_Exercise directions_
Look below for the line that contains "背包乱斗福西法的宝藏v1.0.9版免steam中文电脑PC单机游戏包更新", then quote it and all the lines after it, exactly, with the pictures left out.

_Records for this exercise_

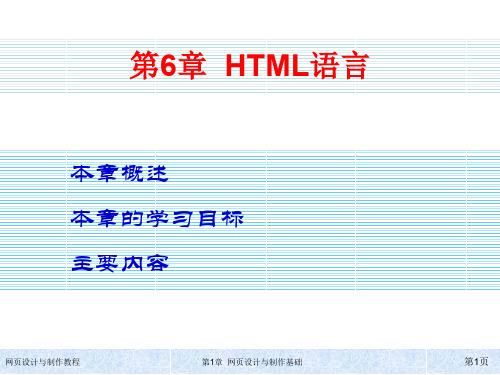 电子教案06教师用书配套课件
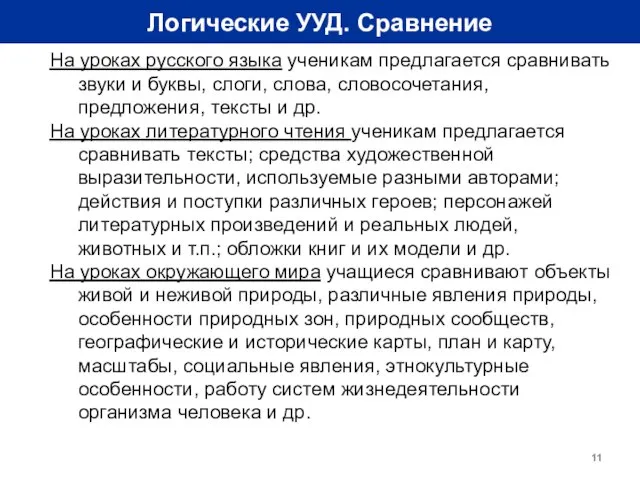 Логические УУД. Сравнение На уроках русского языка ученикам предлагается сравнивать звуки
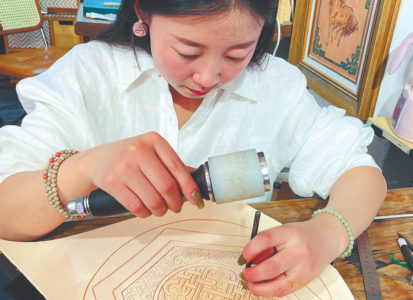 L'art de Li Xiaofang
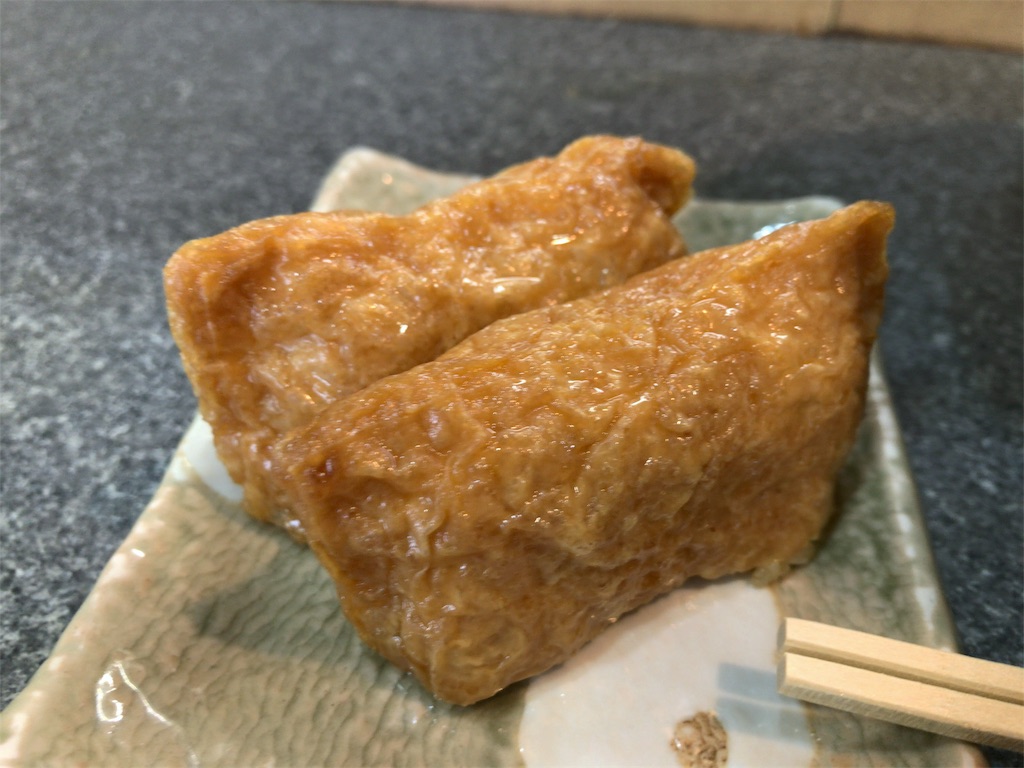 f:id:kuisugimasa:20191127100101j:image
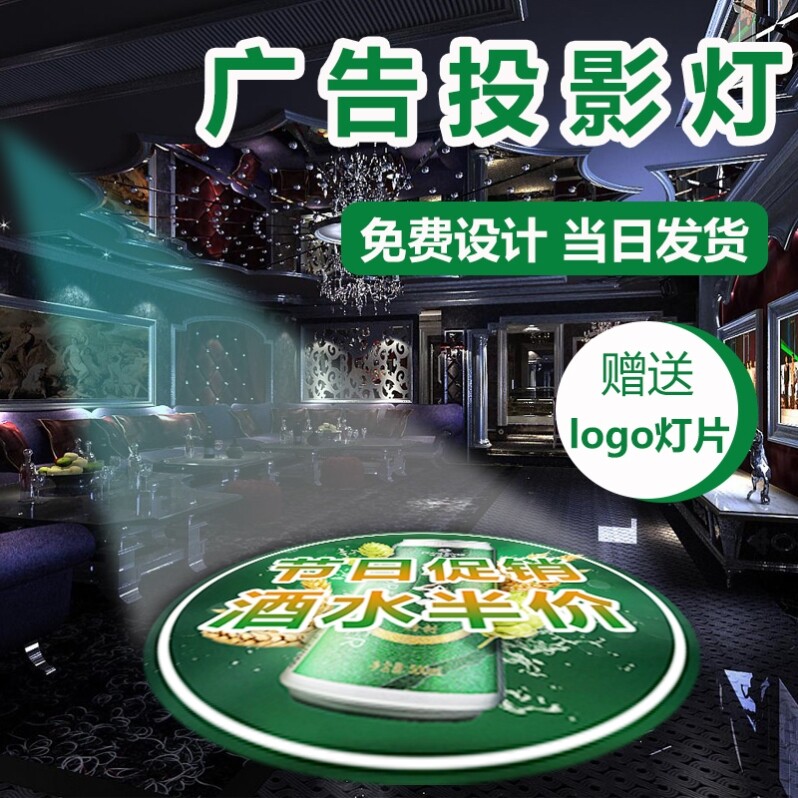 投影灯logo门头 地面广告投影灯带字射灯led旋转防水商用定制图案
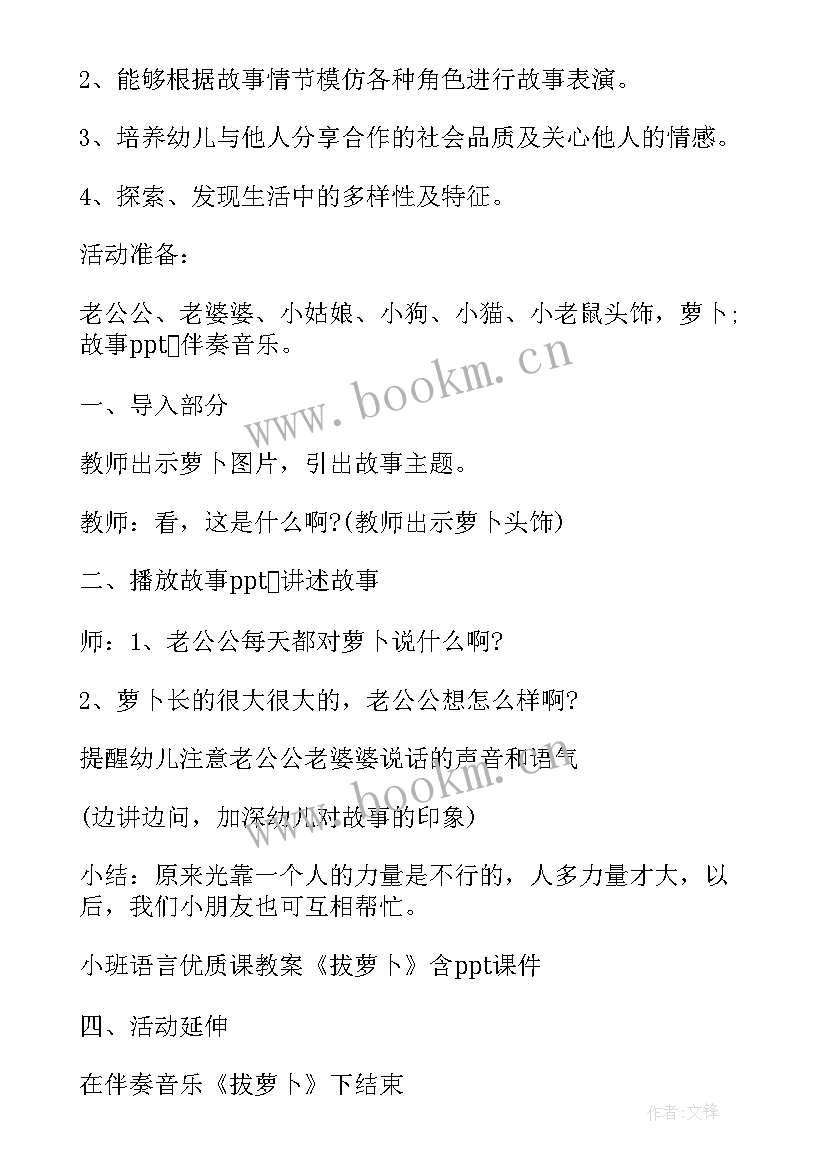 小班语言小伙伴教学反思 小班语言教学反思(模板10篇)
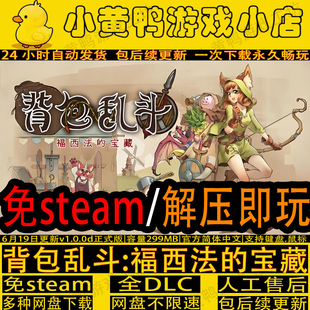 背包乱斗福西法的宝藏v1.0.9版免steam中文电脑PC单机游戏包更新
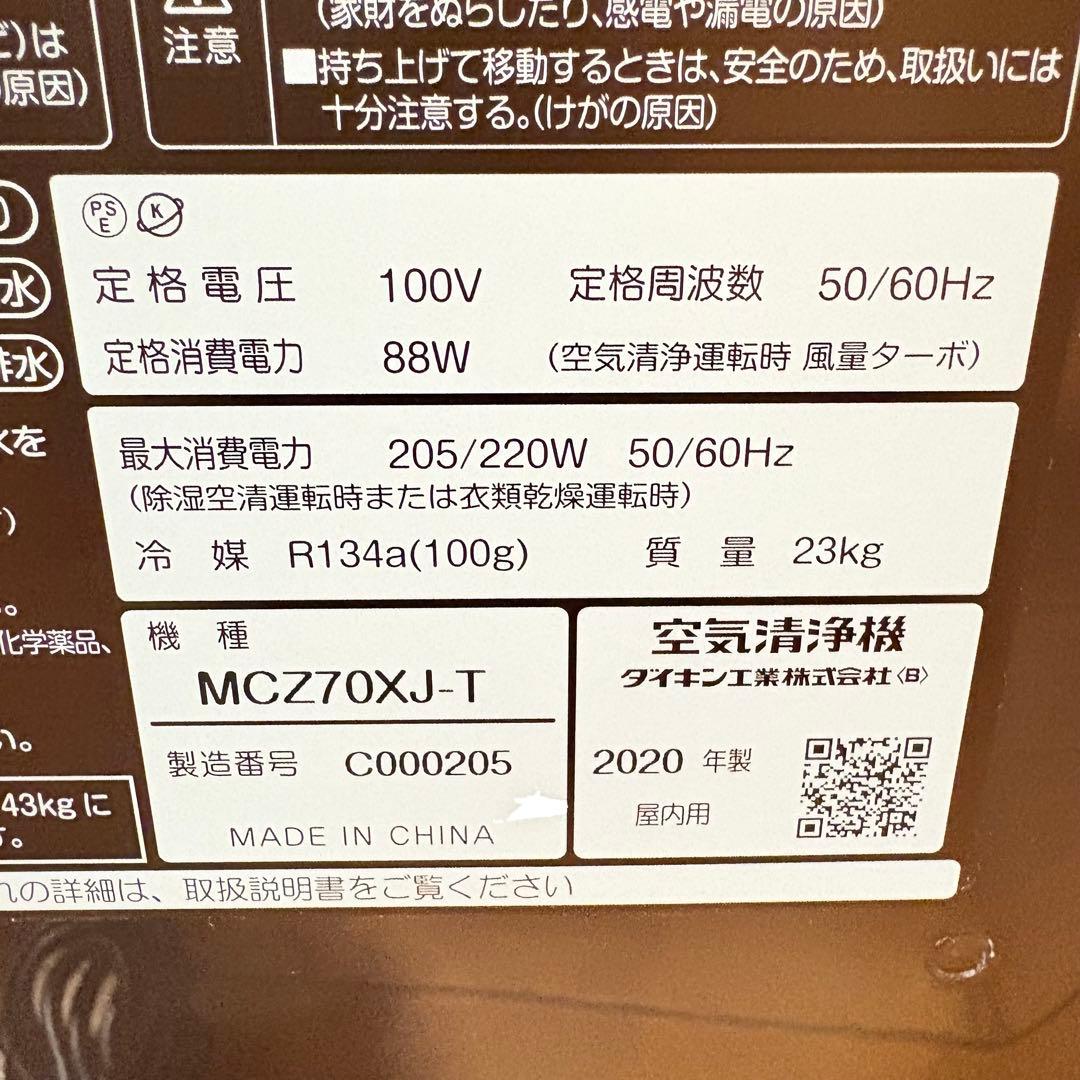 【美品・動作良好】ダイキン 除加湿ストリーマ空気清浄機 MCZ70XJ-T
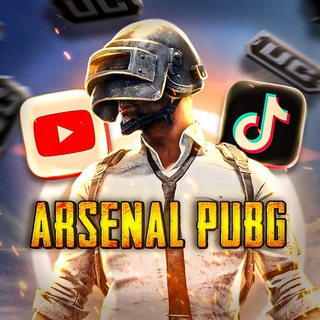 ARSENAL PUBG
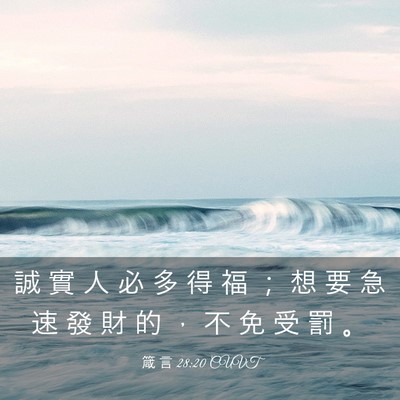 Picture 03 - 箴 言 28:20 CUVT - 誠 實 人 必 多 得 福 ； 想 要 急 速 - Bible Verse Picture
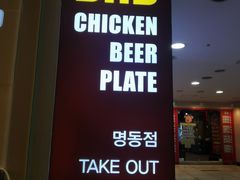 -BHC炸鸡(明洞总店)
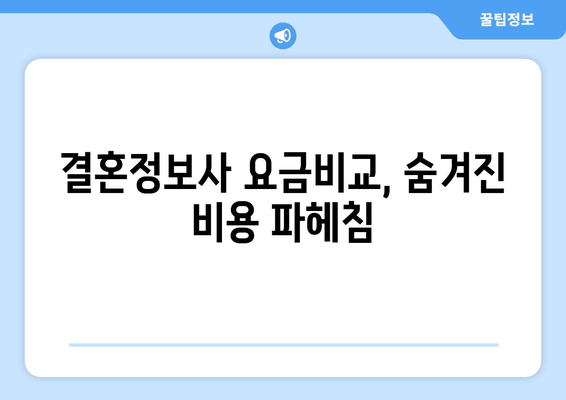 결혼정보사 요금비교, 숨겨진 비용 파헤침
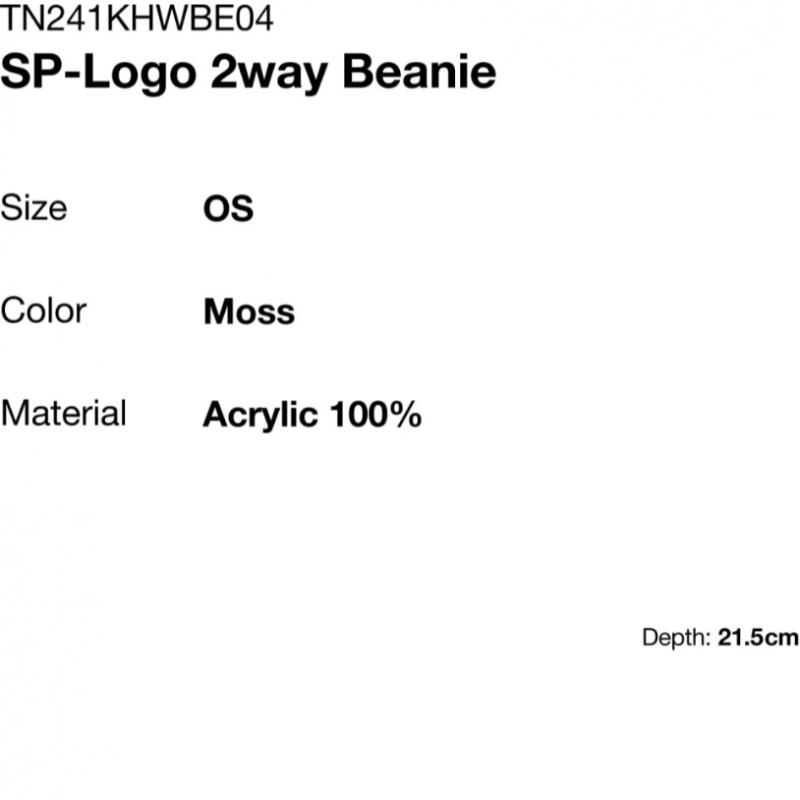 Thisisneverthat Sp Logo 2way Beanie Moss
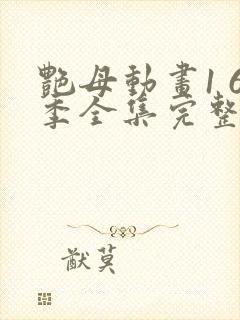 艳母动画1 6季全集完整版中封面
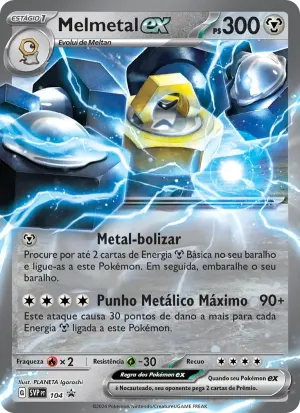 Melmetal ex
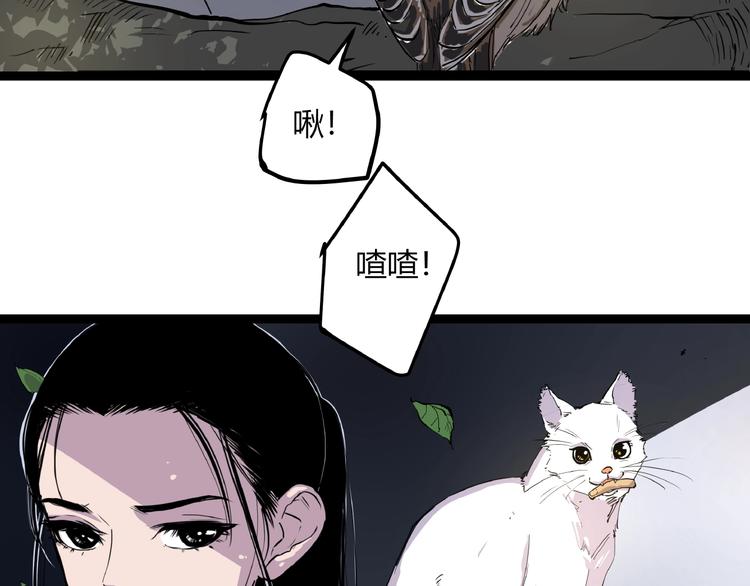 第1话 黑猫之疑111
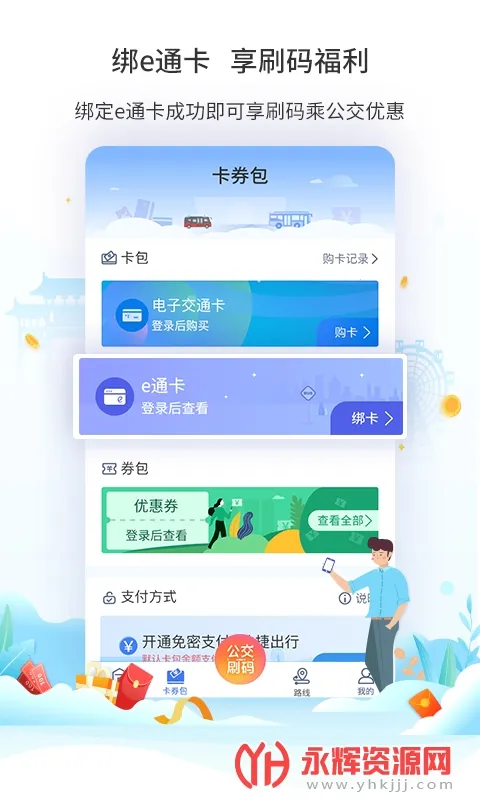 ���Ź���2025���ذ�װ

_Output_
 背包乱斗福西法的宝藏v1.0.9版免steam中文电脑PC单机游戏包更新
 【美品・動作良好】ダイキン 除加湿ストリーマ空気清浄機 MCZ70XJ-T
 ARSENAL PUBG
 Picture 03 - 箴 言 28:20 CUVT - 誠 實 人 必 多 得 福 ； 想 要 急 速 - Bible Verse Picture
 -BHC炸鸡(明洞总店)
 결혼정보사 요금비교, 숨겨진 비용 파헤침
 Thisisneverthat Sp Logo 2way Beanie Moss
 艳母动画1 6季全集完整版中封面
 Melmetal ex
 第1话 黑猫之疑111
 ���Ź���2025���ذ�װ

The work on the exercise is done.